Facts
- The defendant (D) assaulted his former partner (V) by pouring acid onto V’s face, causing severe permanent injuries and psychological distress.
- As a result of these injuries, V travelled to Belgium where he encountered further medical issues and chose to undergo legally sanctioned euthanasia administered by a doctor.
- D was prosecuted for murder and other offences following V’s death via euthanasia.
- D’s counsel argued that the lawful euthanasia constituted a novus actus interveniens (new intervening act) that broke the causal chain, thus negating liability for murder.
- The Crown Court accepted this argument and withdrew the murder charge from the jury.
- The prosecution appealed the decision.
Issues
- Whether the victim’s act of seeking and undergoing euthanasia constituted a novus actus interveniens that broke the chain of causation between the defendant’s actions and the victim’s death.
- Whether the acts of the victim and Belgian doctor were truly independent and voluntary so as to sever the defendant’s legal responsibility.
- What standard should be applied in evaluating causation: whether the defendant’s act must be a ‘substantial’ or ‘significant’ contributing factor to the result.
- How established principles from previous authorities, such as Dear, should inform the determination of causation in cases involving victim-initiated acts resulting in death.
Decision
- The Court of Appeal held that the acts of seeking and administering euthanasia were not independent, genuinely voluntary acts sufficient to break the chain of causation.
- It determined that the victim’s request for euthanasia and the doctor’s conduct were direct responses to the defendant’s original assault, not acts of ‘free and unfettered volition’.
- The Court rejected a strict philosophical approach to causation, emphasizing a common sense evaluation under the circumstances.
- It clarified that an intervening act will only break causation if it is independent and not a reasonably foreseeable consequence of the original conduct.

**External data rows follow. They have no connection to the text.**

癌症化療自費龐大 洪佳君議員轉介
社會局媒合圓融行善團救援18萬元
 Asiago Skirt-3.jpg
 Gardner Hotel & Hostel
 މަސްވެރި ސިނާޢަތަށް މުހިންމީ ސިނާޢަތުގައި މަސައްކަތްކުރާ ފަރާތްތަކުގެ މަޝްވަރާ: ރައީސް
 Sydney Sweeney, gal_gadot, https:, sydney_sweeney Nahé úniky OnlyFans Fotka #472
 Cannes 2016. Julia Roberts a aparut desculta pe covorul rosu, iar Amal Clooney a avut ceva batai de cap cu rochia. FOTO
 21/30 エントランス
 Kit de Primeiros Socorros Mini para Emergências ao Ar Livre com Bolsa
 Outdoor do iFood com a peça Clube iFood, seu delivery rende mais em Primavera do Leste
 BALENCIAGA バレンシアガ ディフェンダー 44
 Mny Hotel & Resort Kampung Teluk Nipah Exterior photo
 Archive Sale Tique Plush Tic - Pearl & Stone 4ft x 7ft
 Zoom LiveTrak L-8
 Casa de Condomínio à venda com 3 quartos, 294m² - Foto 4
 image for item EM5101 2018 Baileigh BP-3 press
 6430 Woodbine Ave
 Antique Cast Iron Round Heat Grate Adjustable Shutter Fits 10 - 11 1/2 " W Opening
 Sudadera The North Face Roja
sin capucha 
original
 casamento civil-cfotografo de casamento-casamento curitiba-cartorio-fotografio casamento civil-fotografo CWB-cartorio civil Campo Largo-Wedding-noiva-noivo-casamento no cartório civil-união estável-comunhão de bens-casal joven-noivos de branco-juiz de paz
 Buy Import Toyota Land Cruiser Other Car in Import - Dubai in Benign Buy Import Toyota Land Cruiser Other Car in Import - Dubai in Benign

- The Court replaced the requirement that the defendant’s acts be a ‘substantial’ cause of death with the requirement that they be a ‘significant’ factor.
- The Court relied on the decision in Dear to support liability where the victim’s response, even if fatal, resulted from the injuries inflicted by the defendant.
- The appeal was allowed, setting aside the earlier decision to withdraw the murder charge from the jury.
Legal Principles
- The chain of causation remains intact unless an intervening act is truly independent, voluntary, and not a foreseeable consequence of the defendant’s original conduct.
- For an act to be a novus actus interveniens, it must result from ‘free and unfettered volition’.
- The definition of legal causation is clarified: the defendant’s act need only be a ‘significant’ contributing factor, not necessarily the predominant or sole cause.
- The approach to causation should apply common sense to all the circumstances rather than rely on abstract, philosophical distinctions.
- The precedent established in Dear confirms that a victim’s action following severe injury does not automatically exclude liability if that action is a direct response to the harm caused.
Conclusion
The Court of Appeal in R v Wallace [2018] EWCA Crim 690 clarified the law of causation in criminal offences, holding that a victim’s actions do not break the chain of causation if they are direct, foreseeable responses to the defendant’s conduct and affirming that legal responsibility attaches where the original act is a significant factor contributing to the outcome.